Ivan Sergeyevich Sokolov-Mikitov (Ива́н Серге́евич Соколо́в-Микито́в; May 30, 1892 – February 20, 1975) was a Russian/Soviet writer and journalist who took part in numerous journeys and expeditions (including the famous Otto Schmidt-led trip to the Arctic Circle on icebreaker Georgiy Sedov in 1929-1930). Sokolov-Mikitov, best known for his engaging traveller's sketches, was also regarded as a fine nature-observing stylist, in the line of Konstantin Paustovsky and Mikhail Prishvin. Following the tradition of Russian realism (that of Tolstoy, Chekhov and Bunin), but still influenced by 1900s modernist authors (mostly Aleksey Remizov, his good friend and mentor), Sokolov-Mikitov developed his individual style of writing, incorporating elements of traditional Russian folk tales, bylinas and fables. Autobiographical novel Childhood (1931) is regarded as one of his finest.

==Biography==
Ivan Sokolov was born in Oseki, Kaluga Governorate, Russian Empire, to a family of the manager of a timber estate of wealthy merchant family of Konshins. Sergey Nikitich Sokolov (a variation on whose father's name, [M]ikita, he later used as a second part to his nom-de-plume), and Maria Ivanovna Sokolova (1870—1939), a peasant woman. He spent his early years in Smolensk Governorate, at Kislovo village, his father's homeland. In 1903 Ivan Sokolov entered the Alexandrovsky school in Smolensk, dropped in 1910 (for alleged participation in local revolutionary circles) and moved to Saint Petersburg where he enrolled at the State agricultural management's four-year courses. In Petersburg he met Aleksey Remizov, Aleksandr Kuprin, Mikhail Prishvin and started to write; his debut Salt of the Earth short story, a complicated folklore-influenced piece, was dedicated to Remizov, his friend and critic.
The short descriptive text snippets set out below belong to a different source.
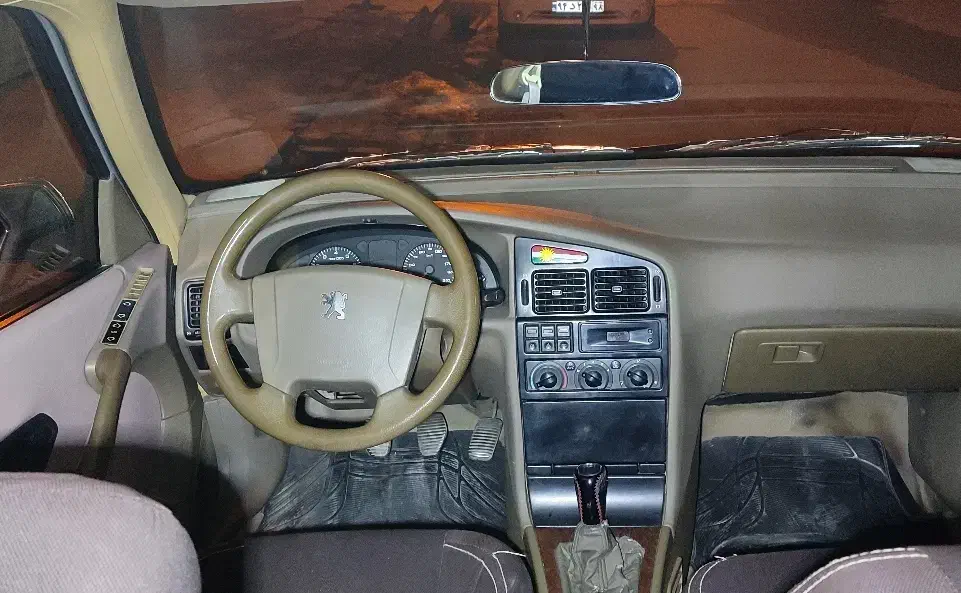 پژو 405 GLX - دوگانه سوز - 1391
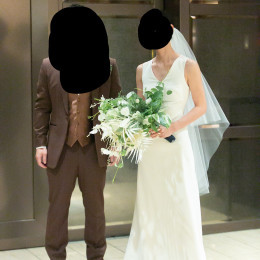 skrsnさんのウエディングドレスの写真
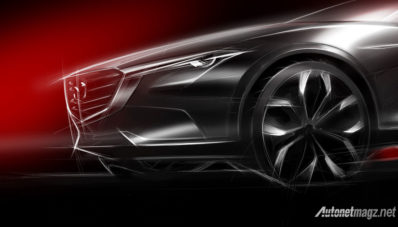 Teaser Mazda Koeru Concept Beredar, Inikah Calon Mazda CX-4?
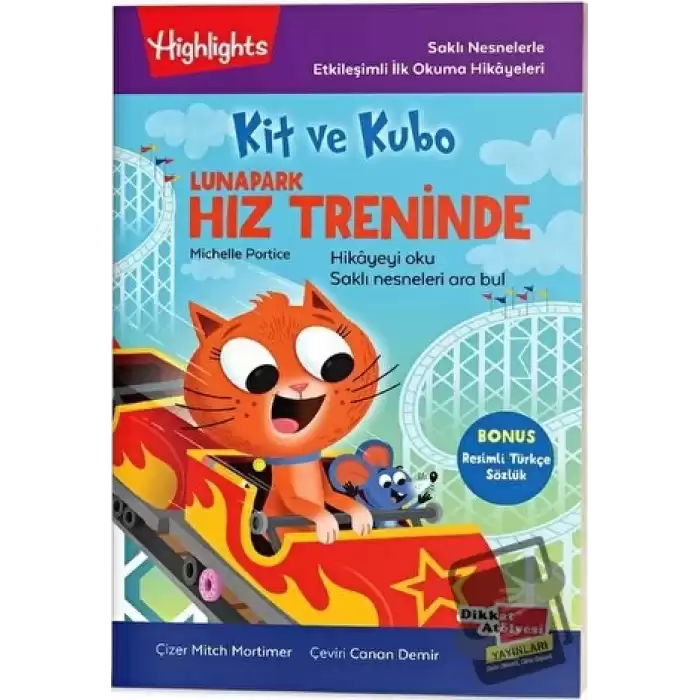 Kit ve Kubo Lunapark Hız Treninde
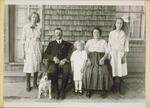 Joseph Brun[d]za And Family, Connecticut Agricultural College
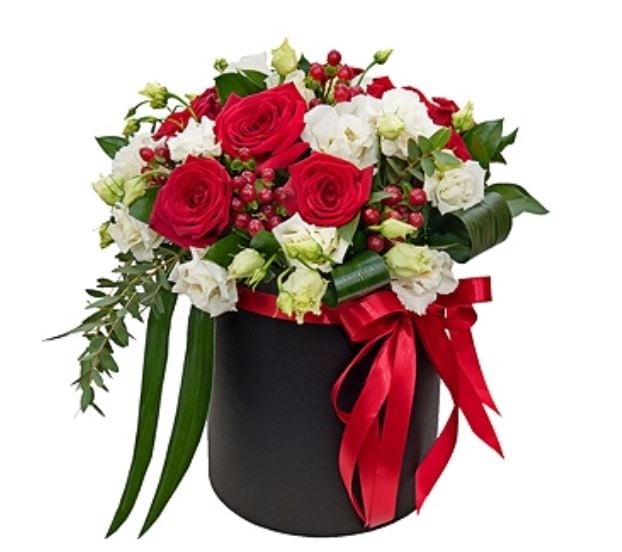 Mix Flowers in Box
In the early 1910s Sokolov moved to Revel where he started to contribute to the Revelsky listok newspaper; by this time he developed new passions, to seafaring and aviation. In 1913 Sokolov-Mikitov started working as a sailor, then in 1915 he finished aviator's courses and as a motorist during World War I made several flights alongside the well-known ace Gleb Alekhnovich on an Ilya Muromets bomber. In 1920 Sokolov-Mikitov, than an ocean liner Omsk helmsman, got stuck in the Hull, England, port, due to a dockers' strike, then, after the ship had been sold from the auction by some authorities linked to the White Army, found himself an unwilling émigré. In 1921 he moved to Berlin, started to contribute to the immigrant magazines and published several books (Kuzovok, Where a Bird Won’t Nest). Among his regular correspondents of the time were Ivan Bunin and Alexander Kuprin; he communicated with Maxim Gorky, Aleksey Tolstoy, Sergei Yesenin, Aleksey Remizov and Boris Pilnyak.
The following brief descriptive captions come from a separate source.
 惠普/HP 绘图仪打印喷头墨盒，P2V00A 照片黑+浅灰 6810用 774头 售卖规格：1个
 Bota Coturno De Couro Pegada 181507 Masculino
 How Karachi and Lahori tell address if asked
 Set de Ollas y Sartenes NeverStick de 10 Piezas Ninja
In the summer of 1922 Sokolov-Mikitov returned to Russia and settled in Kochany, near Smolensk where he spent next 7 years which proved to be his most productive. There he wrote several short stories cycles: On Nevestnitsa River, On My Own Land and Sea-faring Stories; novellas Siskin's Bay and Yelenh. In 1929-1930 Sokolov-Mikitov took part in Otto Schmidt's Sedov expedition to Severnaya Zemlya and Franz Josef Land. As an Izvestia correspondent he was part of another mission, that of rescuing the Malygin ice-breaker. In 1930-1931 he published The Overseas Stories, On White Land and autobiographical novel Childhood, his own personal favourite. On July 1, 1934, Sokolov-Mikitov became the member of the Union of Soviet Writers. After the personal invitation from Joseph Stalin, Sokolov-Mikitov received a flat in Leningrad and was awarded the Order of the Red Banner of Labour (all in all, he's had three of them).

As the war broke out, Sokolov-Mikitov asked to be mobilized but has been evacuated instead to Perm where he started working as Izvestias Ural special correspondent. In the summer of 1945 he returned to Leningrad. For the next two decades he's been travelling all over the country, and published more books: The Hunter's Stories, By the Blue Sea, Over the Light River, By Forests and Fields, On Warm Land, among them. Sokolov-Mikitov died in Moscow on February 20, 1975. By his request, he was cremated and his ashes were buried in Gatchina, near Saint Petersburg.